Events
1960
USSR begins airlifting to Communist Pathet Lao forces
in Laos
1961
Kennedy takes office
1962
United States (MACV); sends first “military advisors”
to Vietnam
Cuban Missile Crisis increases Cold War tensions
1963
Battle of Ap Bac sees Viet Cong forces rout ARVN
Buddhist monk immolates himself in protest of
Diem’s policiesDiem overthrown in U.S.-backed coupKennedy assassinated; Johnson becomes president
Key People
-
John F. Kennedy
35th U.S. president; sent
“military advisors” to Vietnam under auspices of MACV; assassinated
in 1963
-
Robert S. McNamara
Kennedy’s secretary of defense; also served under
Johnson
-
McGeorge Bundy
Kennedy’s
national security advisor; advocated early escalation of U.S. involvement
in Vietnam
-
Ngo Dinh Diem
U.S.-backed
leader of South Vietnam; deposed and executed by ARVN coup in 1963
-
Madame Nhu
De
facto first lady of South Vietnam; caused outrage by dismissing a
Buddhist monk’s self-immolation in protest of the Diem regime as
a “barbecuing”
-
Duong Van Minh
ARVN
general who became leader of South Vietnam after ouster of Diem
-
Lyndon B. Johnson
Vice president under Kennedy; became president after
Kennedy’s assassination in 1963
The Kennedy Administration
In November 1960, the young Massachusetts
senator John F. Kennedy was elected U.S. president.
When he took office in January 1961, his
administration portrayed itself as a break from the older traditions
and as the “best and brightest,” with former Rhodes Scholar Dean
Rusk as secretary of state, renowned businessman Robert
S. McNamara as secretary of defense, and academic McGeorge
Bundy as national security advisor. The president also appointed
his brother, Robert F. Kennedy, as attorney general.

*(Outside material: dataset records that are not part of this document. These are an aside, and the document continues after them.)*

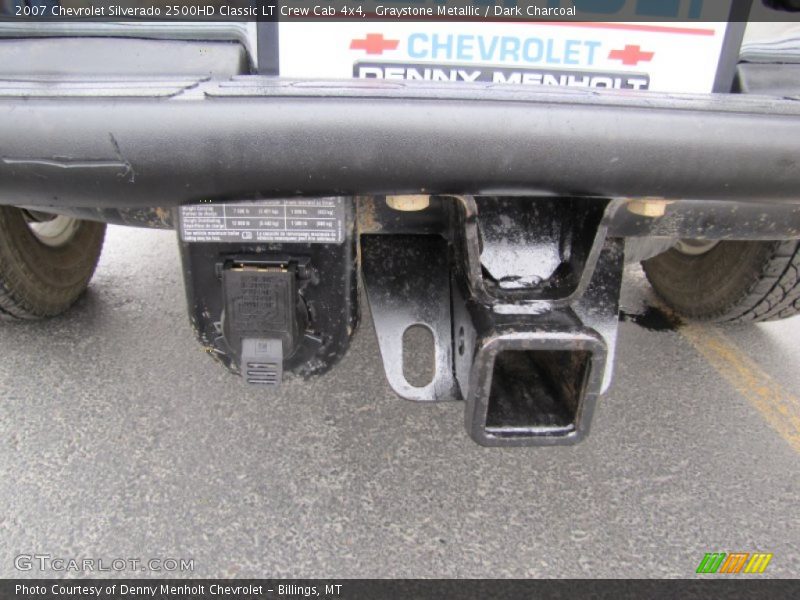 Graystone Metallic / Dark Charcoal 2007 Chevrolet Silverado 2500HD Classic LT Crew Cab 4x4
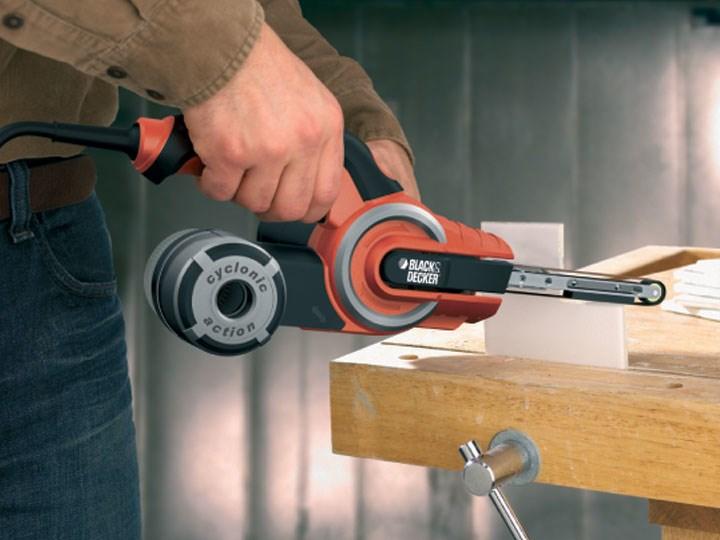 Produktbild Black & Decker Bandschleifmaschine (Bandschleifer, 400 W)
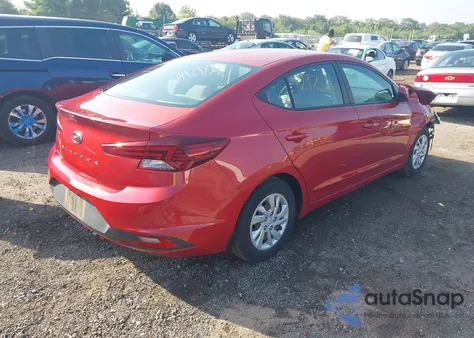 2020 Hyundai Elantra Se из США, поврежденный, VIN 5NPD74LF4LH518947
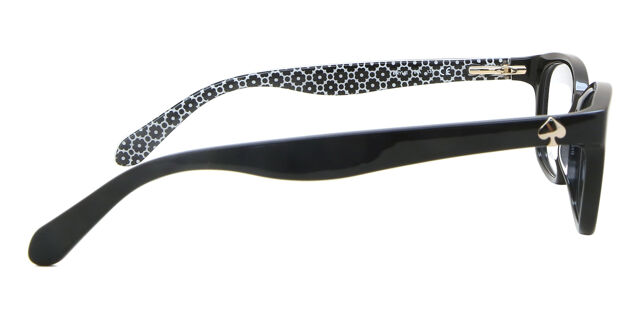 Kate Spade BRYLIE INA Rectangle Black Eyeglasses  display picture 1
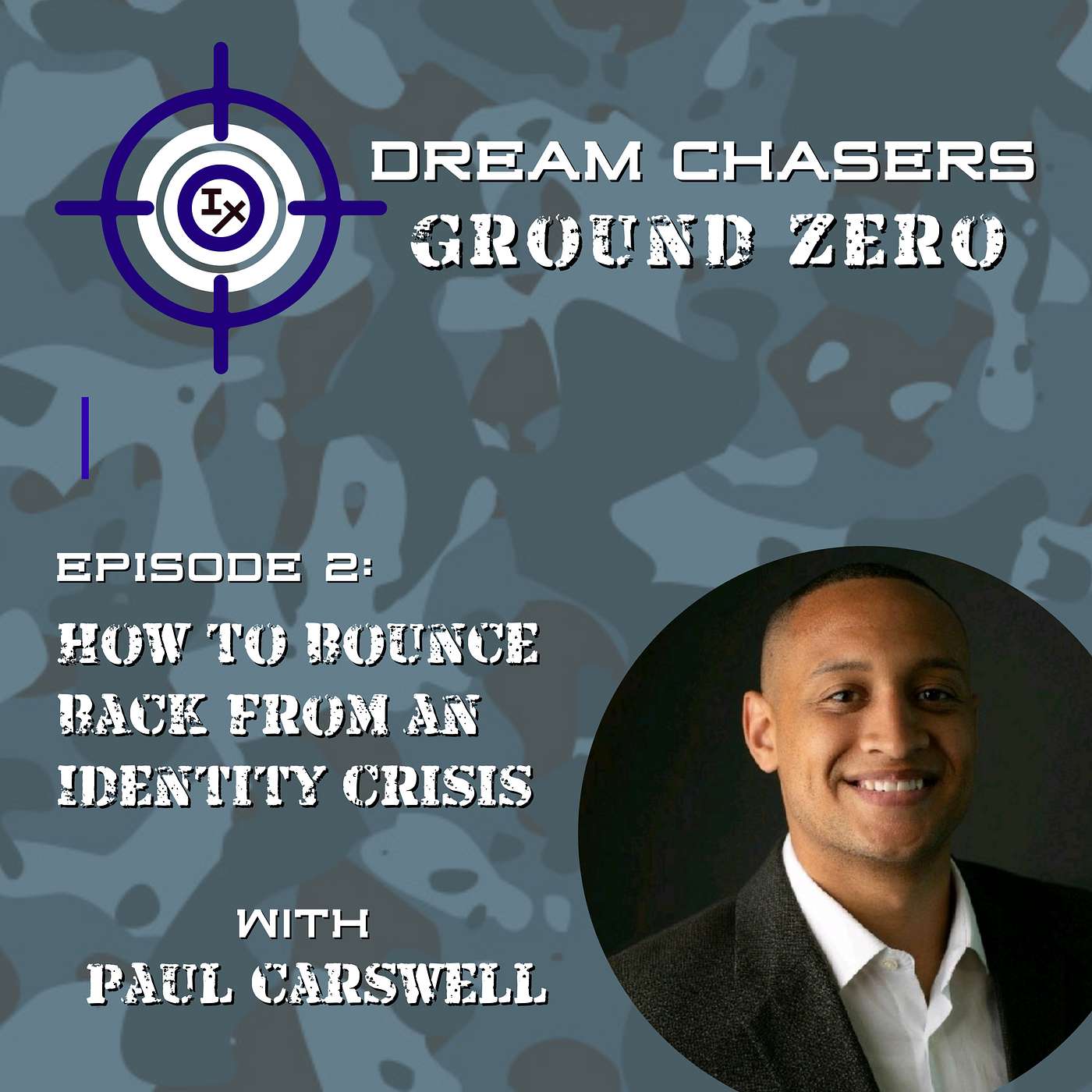 DCGZ 2: Paul Carswell - How to Bounce Back From an Identity Crisis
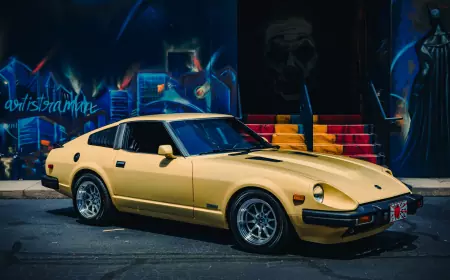 Restoring the Iconic 1979 Datsun 280ZX Sports Coupe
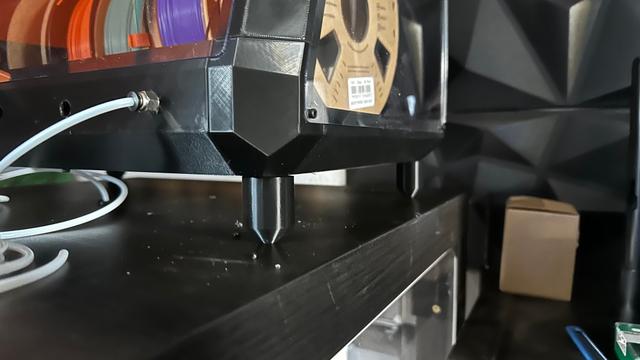 (Un)original Prusa Drybox extended feets 3D model thumbnail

This group
would remain Kennedy’s key advisors, especially in matters relating
to Vietnam, throughout his entire time in office.
Despite Kennedy’s attempts to appear tough on Communism, Soviet
premier Nikita Khrushchev suspected that the young
president would be more easily intimated than his predecessor, Eisenhower, who
had been one of the major Allied military commanders in World War
II. In the young and inexperienced Kennedy, Khrushchev saw an opportunity
to press for strategic gains.
Laos and Cuba
In 1960,
the Soviet Union began airlifting supplies to the Pathet Lao, a
Communist-led group of guerrilla insurgents fighting against the
French in Vietnam’s neighboring country, Laos. U.S.
policy makers worried that the first domino in Indochina was about
to fall, and for a brief time, small, landlocked Laos became an
important locale in the global Cold War confrontation between the
world’s two superpowers.
Then, in 1962,
Khrushchev upped the stakes even further by placing Soviet nuclear
warheads on the Communist-governed island of Cuba,
just ninety miles from the United States. Kennedy, proving himself
a master of brinkmanship, ordered the U.S. Navy to blockade Cuba
and refused to back down. Ultimately, it was Khrushchev himself
who backed down, removing the missiles in exchange for U.S. concessions.
Although the Cuban Missile Crisis ended peacefully,
it brought tensions to the highest point yet seen in the Cold War.
“Military Advisors” and the MACV
Within this context of increased conflict, the United
States in 1962 established
the Military Assistance Command of Vietnam (MACV), which
provided American personnel to help train the South Vietnamese army,
the ARVN, in its growing conflicts with Communist guerrillas.
Under the auspices of the MACV, the United States sent thousands
of “military advisors” to South Vietnam; within a year,
the American presence rose from around 1,000 men
to over 15,000. Although
the U.S. government maintained that these “military advisors” were
not “military forces” per se, the line quickly became quite blurred.
Moreover, in a major embarrassment for the United States,
many of the 250,000 weapons
that the MACV distributed to the ARVN that year likely ended up
in the hands of the Viet Cong. In fact, many ARVN soldiers
who had been drafted from the ranks of the peasants were also secretly
members of the National Liberation Front at the same time. In short,
the MACV not only drastically escalated the U.S. presence in Vietnam
but also spent a good deal of time and money training the enemy.